[PROVIDED RECORDS]
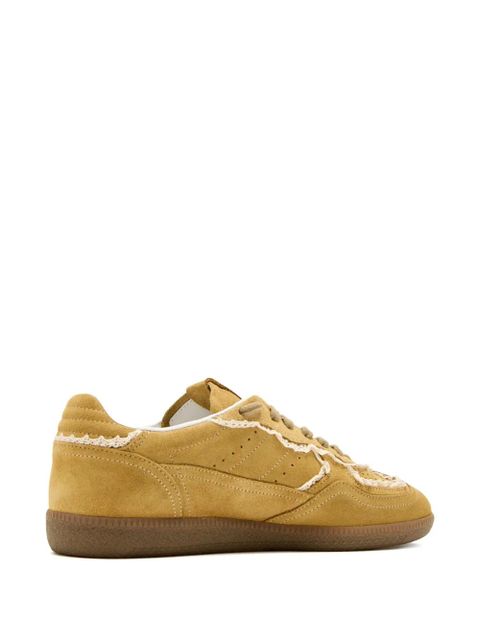 ALOHAS lace-trimmed suede sneakers - Yellow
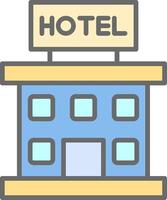 hotel línea lleno ligero icono vector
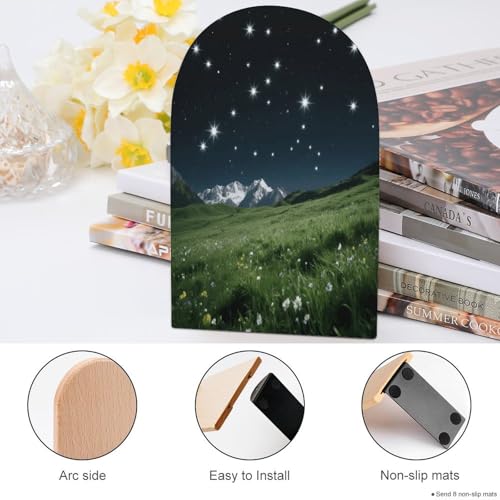 Sujetalibros de madera Alpine Meadow Stars organizador ideal para estanterías de oficina 5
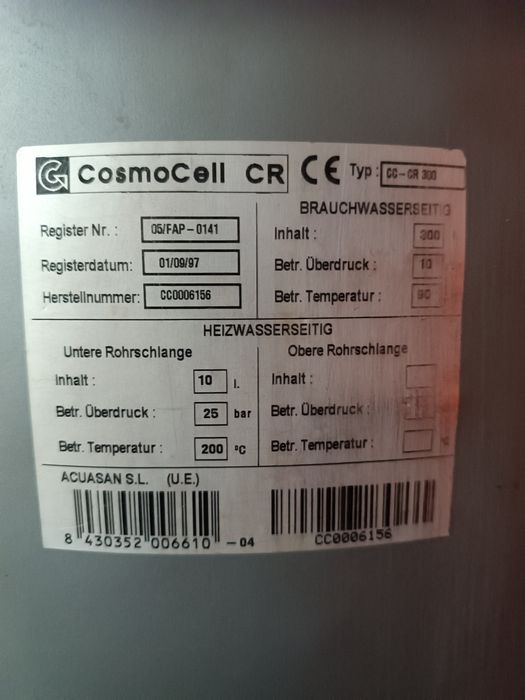 Bojler 300L ze stali nierdzewnej wężownicą/ elektryczny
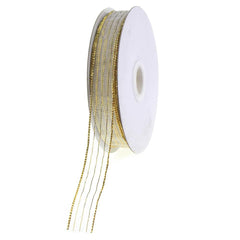 Sheer Metallic Stripe Corsage Ribbon, 5/8-inch, 50-yard
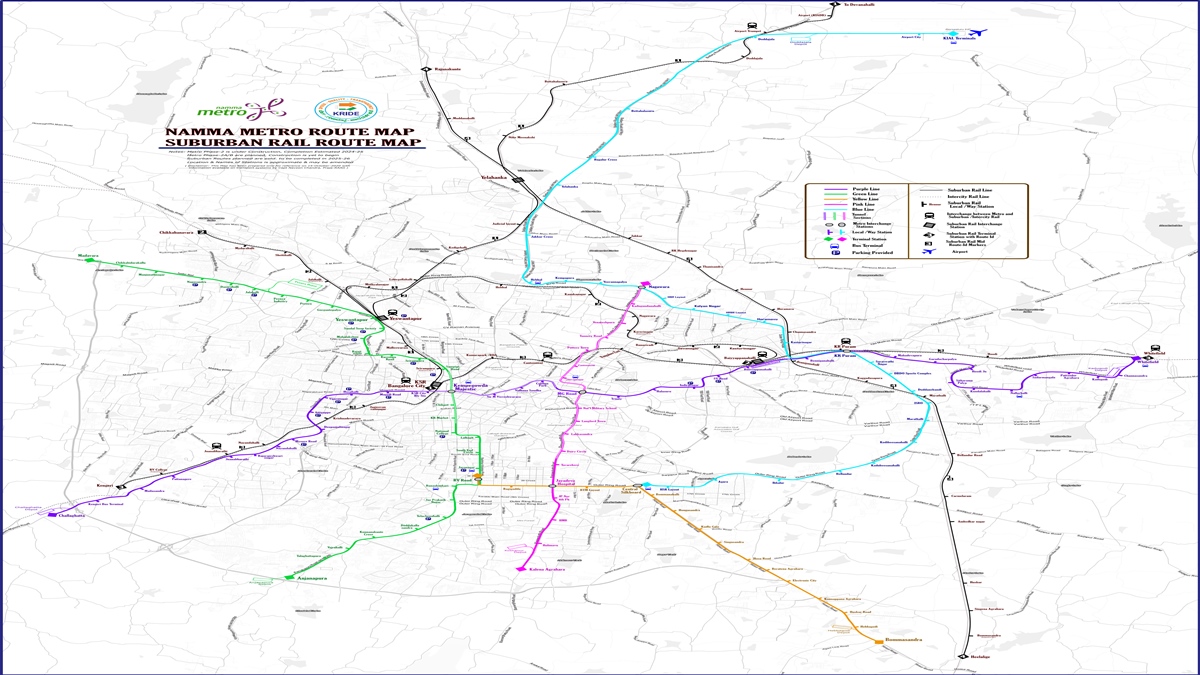 Bangalore Metro Map, Timings, Routes, Phase 2, Stations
[/PROVIDED RECORDS]
ABOUT THIS TASK — Exclude the pictures, then write out every record exactly as it stands.

ANSWER TO THIS TASK —
 ALOHAS lace-trimmed suede sneakers - Yellow
 hotel línea lleno ligero icono vector
 Sujetalibros de madera Alpine Meadow Stars organizador ideal para estanterías de oficina 5
 Bojler 300L ze stali nierdzewnej wężownicą/ elektryczny
 Sheer Metallic Stripe Corsage Ribbon, 5/8-inch, 50-yard
 Bangalore Metro Map, Timings, Routes, Phase 2, Stations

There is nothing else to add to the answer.